They don't allow third party clients.

They are open source, and you can run your own, but it won't ever be allowed to connect to the standard signal server.

Signal has a piece they say is for fighting spam so they can't release the code to it. So you just have to trust them.

https://signal.org/blog/keeping-spam-off-signal/

"We build Signal in the open, with publicly available source code for our applications and servers. To keep Signal a free global communication service without spam, we must depart from our totally-open posture and develop one piece of the server in private: a system for detecting and disrupting spam campaigns"

Signal is not perfect. It's better than most.

I personally use Matrix as I can go to another server or run my own. I run multiple clients. It is NOT perfect and has it's own issues.

[–] Feyd@programming.dev 2 points 6 hours ago (1 children)
[–] ozoned@piefed.social 1 points 1 hour ago

That's a third party software list created by someone not Signal and basically tells you it's a work around to Signal:

"Signal does not have an official API, and the published code requires additional effort to be used outside of the official signal clients."

So I'm not certain the point of the link. There are still clients for Reddit and YouTube and others that are third party and aren't official.
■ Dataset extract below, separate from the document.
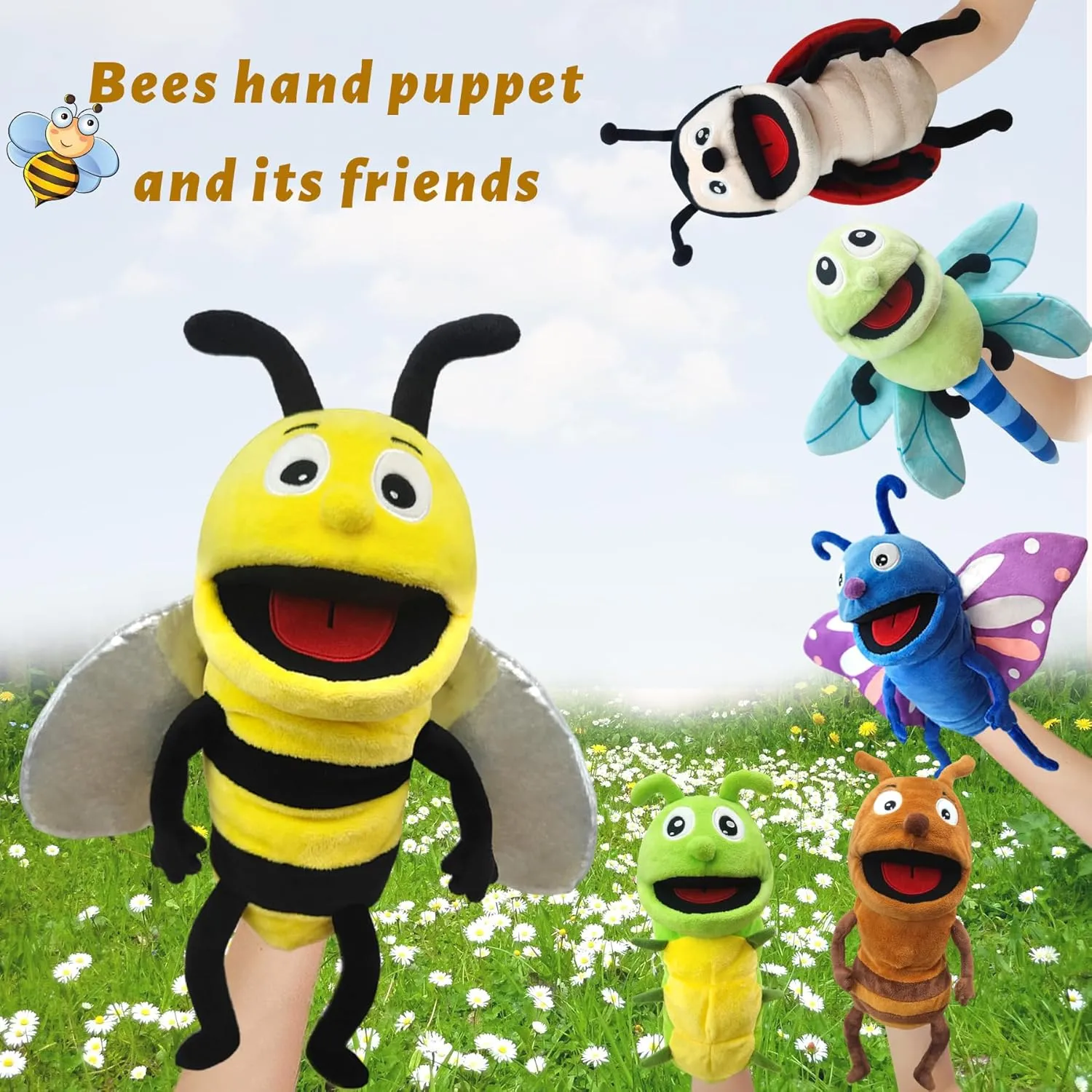 Kids Insect Stuffed Animal Hand Puppet with Moveable Mouth,Soft Stuffed Bee Puppet Story Toy Puppets Role Play Show Game Hand Puppet Realistic Plush Puppet 13",Insect precede criticism grazing Animal Puppets for 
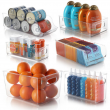 Clear Storage Bins with Handles Stackable Fridge Freezer Pantry Organizer Bins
Signal doesn't support those.

[–] Undertaker@feddit.org 5 points 7 hours ago

if this is true

It's not. Can be closed

[–] Noodles4dinner@hexbear.net 6 points 8 hours ago

The only secure communication involves a dead drop and one time pad. Everything else is Mossad.

[–] superglue@lemmy.dbzer0.com 4 points 7 hours ago

Its not what I would use while communicating with someone else who values anonymity, but, its probably the best out there for communicating with people that dont care about any of that and just want something easy that works. Its easier to onboard people on to it.